(Il Mattino - 19 settembre 2011)
Se si fosse provveduto per tempo a riequilibrare la domanda e l'offerta, con norme e regolamenti chiari, i costi dei trattamenti sarebbero scesi e si sarebbe così ridotta la spinta verso lo smaltimento illegale. Noi scegliamo i politici affinché con preveggenza analizzino i problemi e offrano una soluzione. Quindi, per prima cosa dobbiamo ammettere che abbiamo scelto male. Nulla è stato fatto in questi anni per equilibrare il sistema e la camorra si è inserita con prepotenza nel settore.
È una lezione che dovremmo sempre tenere a mente, la camorra è forte ogni volta che noi siamo deboli. Infatti, fu solo a causa di problemi politici, ossia la difficoltà nel concedere autorizzazioni per la costruzioni degli impianti. E fu, in fondo, solo perché noi cittadini non ci siamo mai chiesti che fine fanno i nostri rifiuti, vittime come siamo del concetto dell"allontana e dimentica".
E questo nonostante il decreto del 1982 e successive modifiche e integrazioni impegnassero le Regioni a realizzare un piano per il trattamento e lo smaltimento dei rifiuti, la Campania è stata per decenni, è in fondo sta ancora, in alto mare. Insomma, fu solo a causa delle nostre lacune che la camorra si è inserita nel settore: la "munnezza è oro", come disse in un'ormai famosa telefonata, roba da teche storiche, nel 1992, il camorrista, poi pentito, Nunzio Perrella. La camorra possiede (purtroppo bisogna usare il tempo presente) infatti sia "capitale umano", tra l'altro, molto preparato per gestire traffici illeciti, sia può controllare ampi spazi di territorio, contando sul silenzio della popolazione.
È inoltre più vicina rispetto ad altre forme di criminalità all'aerea industriale del nord, dove si producono tra il 75% e l'80% dei rifiuti tossici. E non basta. Rispetto agli altri traffici più rischiosi (armi, droga, prostituzione) con i rifiuti si rischiava poco, al massimo una multa. Solo l'otto marzo 2001, giusto per far capire che ritardi cronici subisce questo paese, è stata approvata la legge (n.93) che inasprisce le pene, trasformando il traffico dei rifiuti in un "delitto" e ha quindi reso possibile le intercettazioni ambientali e l'attuazione di strumenti di indagini adeguati: rogatorie internazionale e indagini patrimoniali, flagranza di reato, ecc. Ma era troppo tardi, perché in questi anni, larghe zone della Campania si sono trasformate in pattumiera. È inutile e penoso riassumere la situazione, chiunque lavorava in quelle zone, periti agrari, geometri, commercialisti, avvocati e dottori, aveva capito che cosa succedeva. Decine e decine di pseudo imprese, riuscivano a farsi rilasciare autorizzazioni illecite a raffica. Alcuni settori della Pubblica Amministrazione (come scopriranno poi diverse inchieste giudiziarie), in particolare l'assessorato all'Ambiente della Provincia di Napoli, fra il 1985 e il 1995, rilasciarono, appunto, autorizzazioni non solo per discariche, cioè semplici buche da riempire ma anche per importare rifiuti pericolosi da altre zone del paese. Così, queste pseudo imprese camorristiche potevano così esibire uno straccio di legalità, trattare con le imprese industriali, proporre prezzi ribassati grazie alle quali sono finiti in Campania, per dirne una, anche i fanghi della famigerata Acna di Cengio.

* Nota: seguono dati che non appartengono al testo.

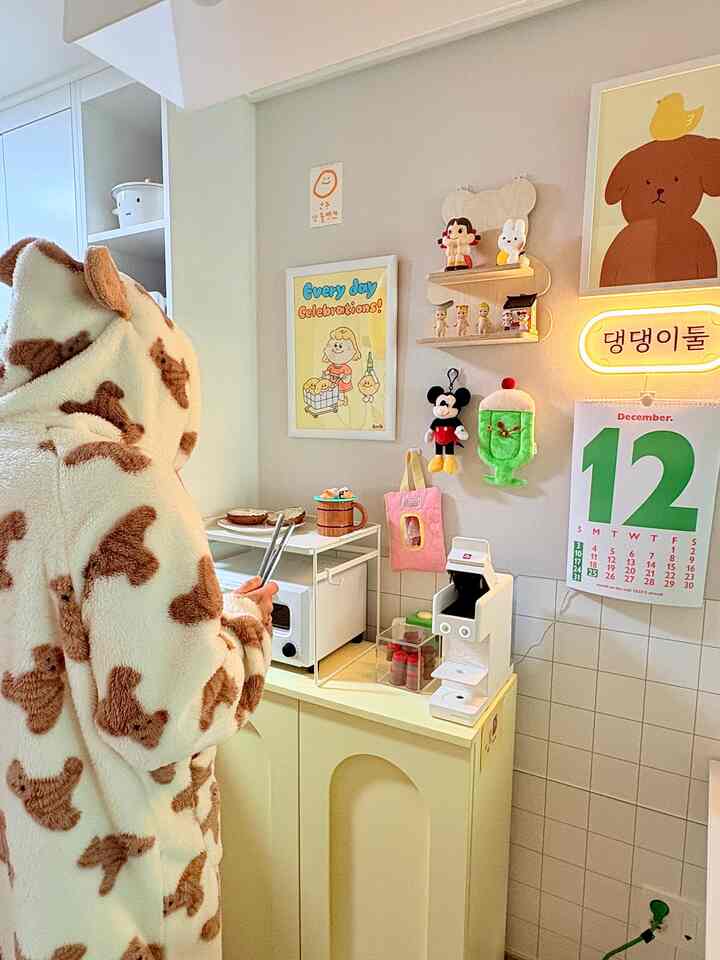 Kitchen space in white and brown tones featuring cute character decor and a coffee machine with a cozy atmosphere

Ora non resta che costatare il disastro. Oltre alla constatazione delle differenze statisticamente rilevabili, cioè le incidenze di tumori tra il 10% e il 15%, oltre a una alta frequenza di malformazioni neonatali, rispetto alla media italiana, dobbiamo, inoltre, costatare che vari impacci burocratici e cattive gestioni processuali, hanno portato alla prescrizione di un'inchiesta (la Cassiopea) che avrebbe dovuto solo sottolineare una cosa ovvia e risaputa, a nord come al sud: interrare silenziosamente i rifiuti è convenuto a molti.